Senior advocate Raju Ramachandran tells court the triple talaq ordinance is a fraud on the Constitution, provisions not tenable in law
The Supreme Court, on Friday (November 2), refused to entertain a petition challenging the Centre’s ordinance that criminalized triple talaq and laid down a three-year jail term for the erring Muslim husband.
Noting that it did not find it necessary to interfere in the matter or go into its merits, the top court’s bench led by Chief Justice Ranajn Gogoi, allowed senior advocate Raju Ramachandran to withdraw the petition moved by the Samastha Kerala Jamiat Ulema.
Ramachandran told the bench that the Muslim Women (Protection of Rights on Marriage) Ordinance, 2018, promulgated on September 19, was a “fraud on the Constitution” and that prosecutions under it “are not tenable in law.”
The petitioners had, in their plea, argued that the ordinance “is violative of Articles 14, 15 and 21 of the Constitution and, accordingly, requires to be struck down”. The petition also said that ordinance is “unconstitutional for failing to satisfy the mandatory requirements of Article 123 of the Constitution”. Article 123 enables promulgation of ordinances only in instances requiring “immediate action”. “The absence of emergent reasons negates any invocation of the provision,” it stated.
The Muslim Women (Protection of Rights on Marriage) Ordinance, 2018, was signed by President Ram Nath Kovind on September 19, hours after it was approved at a meeting of the Union Cabinet chaired by Prime Minister Narendra Modi.

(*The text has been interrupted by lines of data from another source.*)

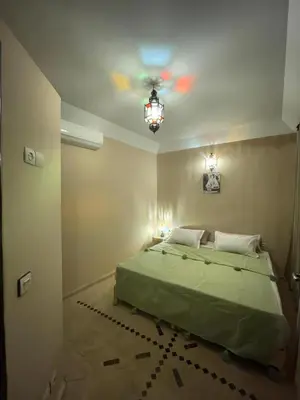a bedroom with a green bed and a ceiling fan at Riad Baroud in Marrakech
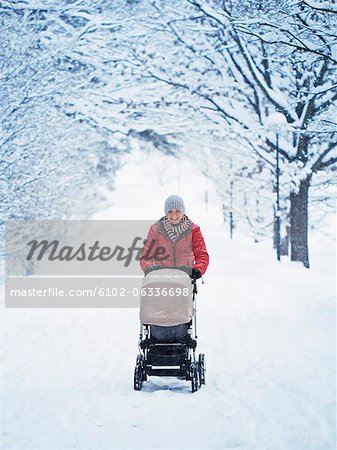 Lächelnd Mutter Wandern mit Kinderwagen in Winterlandschaft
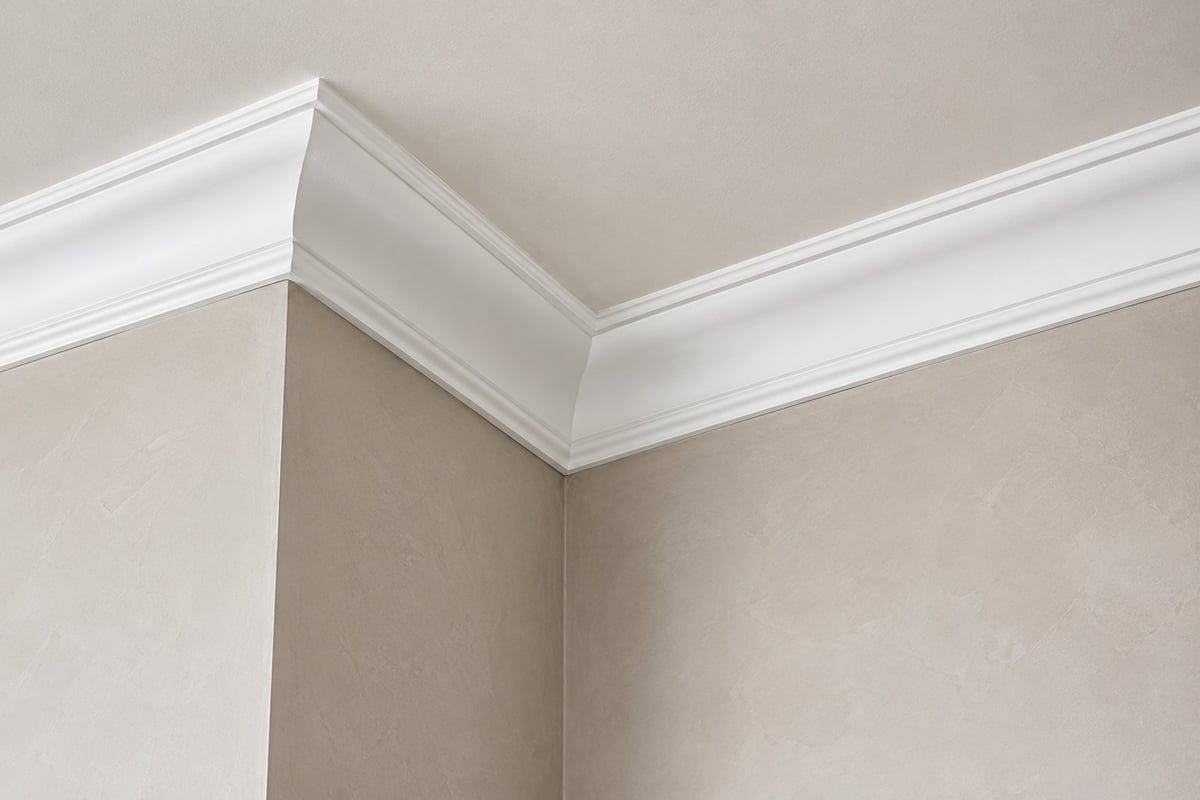 Close-up of white decorative crown molding where the ceiling meets the walls in a room with beige walls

Union Minister for Law and Justice Ravi Shankar Prasad had said there was an “overpowering urgency” and a “compelling necessity” to bring the ordinance as the practice continued unabated despite the Supreme Court order in 2017.
The Supreme Court in August 2017 had set aside the practice of instant triple talaq or talaq-e-biddat in a landmark 3-2 verdict.